Copy exactly the stretch of lines from the one holding "2021 Chevrolet Equinox" through the last line of the data below, inclusive. Leave out pictures.
----- Given records -----
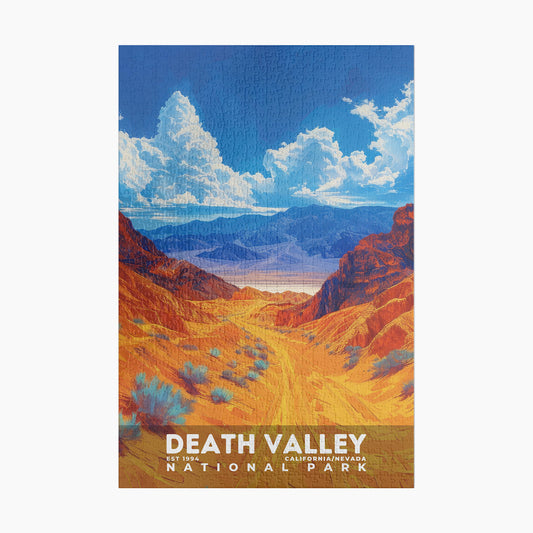 Death Valley National Park Puzzle | S13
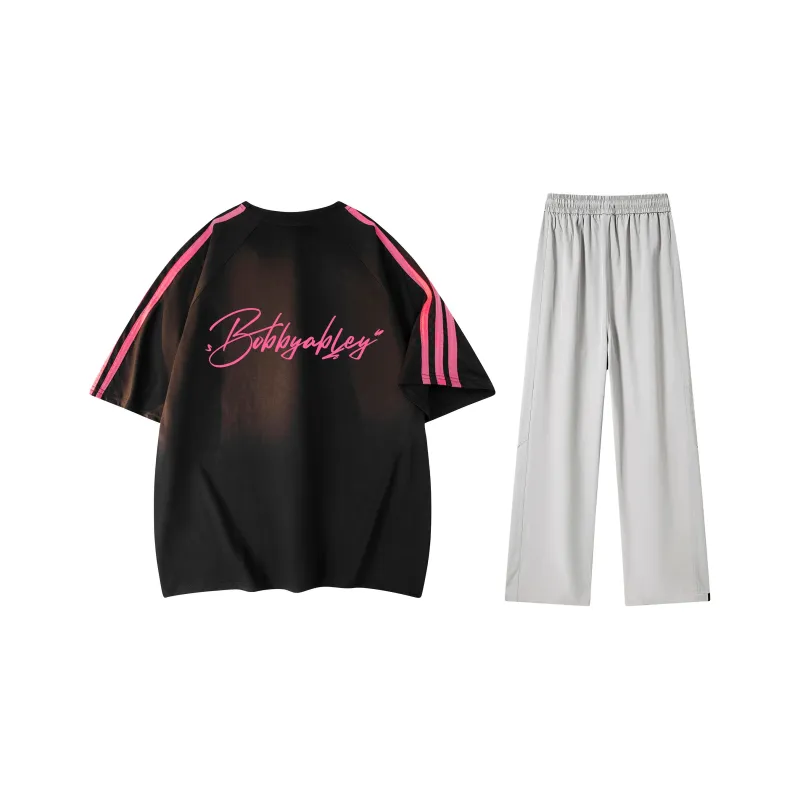 BOBBY ABLEY Casual Sportswear Unisex-79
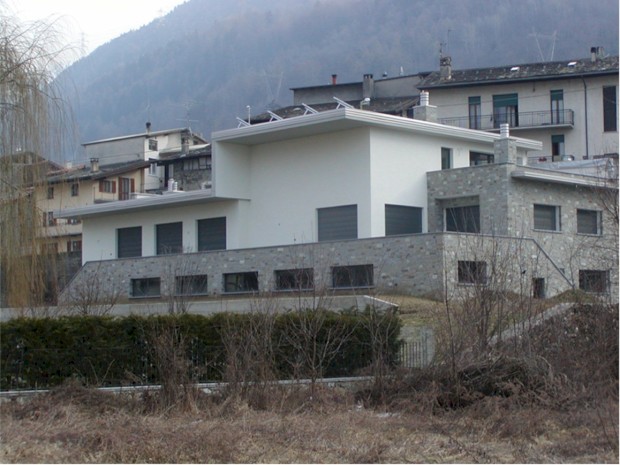 Casa Illarietti a Tirano (SO)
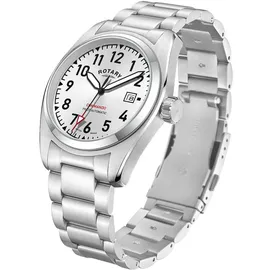 Rotary Commando Automatik Edelstahl 42 mm GB05470/22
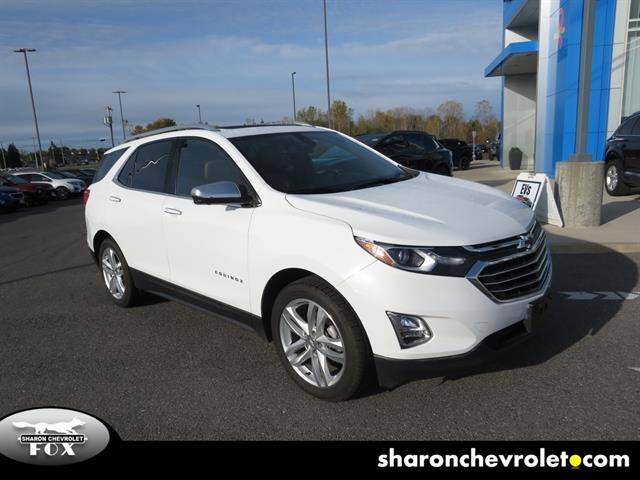 2021 Chevrolet Equinox Premier — SUV — 58,230 mi — Liverpool, NY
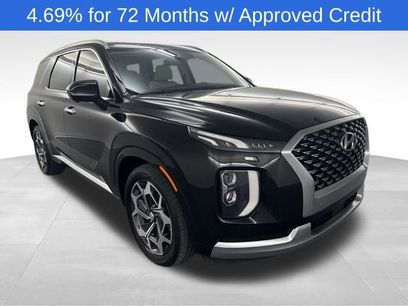 Used 2021 Hyundai Palisade Calligraphy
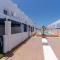 Dúplex con terraza y piscina - El Cabo de Gata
-----
** Response to the exercise **
 2021 Chevrolet Equinox Premier — SUV — 58,230 mi — Liverpool, NY
 Used 2021 Hyundai Palisade Calligraphy
 Dúplex con terraza y piscina - El Cabo de Gata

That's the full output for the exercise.